Governo se orgulha de “robustez fiscal”

Apesar das críticas generalizadas na sociedade à continuidade do modelo austericida proposto por Fernando Haddad, o governo continua encampando o conservadorismo na política econômica. Na verdade, o próprio presidente Lula deixa escapar em vários momentos uma visão equivocada a respeito das características da dinâmica da economia, buscando associar o tratamento das contas públicas ao orçamento doméstico ou familiar. A manifestação mais recente ocorreu em entrevista coletiva concedida em 30 de janeiro, quando ele mais uma vez afirmou que tudo o que sabe de economia teria aprendido com sua mãe, Dina Lindu. Disse Lula aos jornalistas:

(…) “eu aprendi a estabilidade com a dona Lindu – é assim que eu governo esse país. Não se pode gastar mais do que a gente tem capacidade de arrecadar” (…)

Além disso, na mensagem enviada ao Congresso Nacional para marcar a abertura do ano legislativo de 2025, o governo faz uma extensa menção a seu compromisso com a austeridade. Tanto que o documento recebeu, de forma inédita, um capítulo dedicado exclusivamente ao tema, com o significativo título de “Compromisso com a robustez fiscal”. Uma loucura! E dentre as inúmeras referências positivas à austeridade fiscal, pode-se destacar no texto:

(…) “Em 2024, o Governo Federal manteve seu compromisso com o equilíbrio das contas públicas. Fizemos o sexto maior ajuste fiscal do mundo e o terceiro maior entre os países emergentes, de acordo com o Fundo Monetário Internacional (FMI). O déficit primário está estimado em 0,1%, o menor da década.
Em 2025, continuaremos a pautar nossa gestão pelo compromisso com o equilíbrio fiscal. Isso está expresso na Lei de Diretrizes Orçamentárias (LDO), assim como no conjunto de medidas fiscais enviadas em novembro de 2024 ao Congresso Nacional, que permitirão economizar R$ 70 bilhões em 2025 e 2026.” (…) [GN]

Apesar de todo esse autoelogio, que contradiz frontalmente qualquer perspectiva de um governo progressista e voltado para um projeto de desenvolvimento, não existe nenhuma referência à marca simbólica de um trilhão de reais para o cumprimento das obrigações com os detentores de títulos da dívida pública. Talvez a verdadeira razão para tal esquecimento carregado de significado esteja no fato de que essa cifra envergonha o Partido dos Trabalhadores e todos os grupos políticos, entidades e setores que apostam em um processo de mudança efetiva nos rumos do terceiro mandato.

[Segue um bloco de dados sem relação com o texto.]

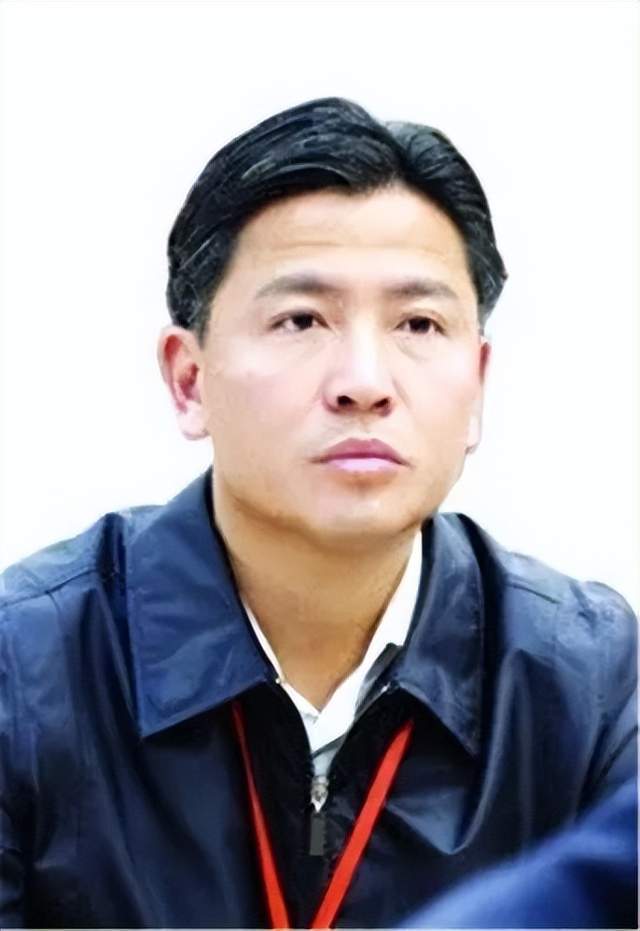 张志铭:中专毕业给首富开车,因长相被首富妹妹看上,现65亿身家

O tempo avança rapidamente e, como o próprio Lula tem expressado, 2026 já começou. As pesquisas de opinião apontam para uma arriscada queda de popularidade do presidente e de seu governo. Faz-se urgente a tomada de decisões para promover uma reorientação dos rumos da política econômica. Insistir na receita de juros elevados e cortes orçamentários a rodo não parece ser a melhor forma de se preparar para uma disputa que promete ser acirrada.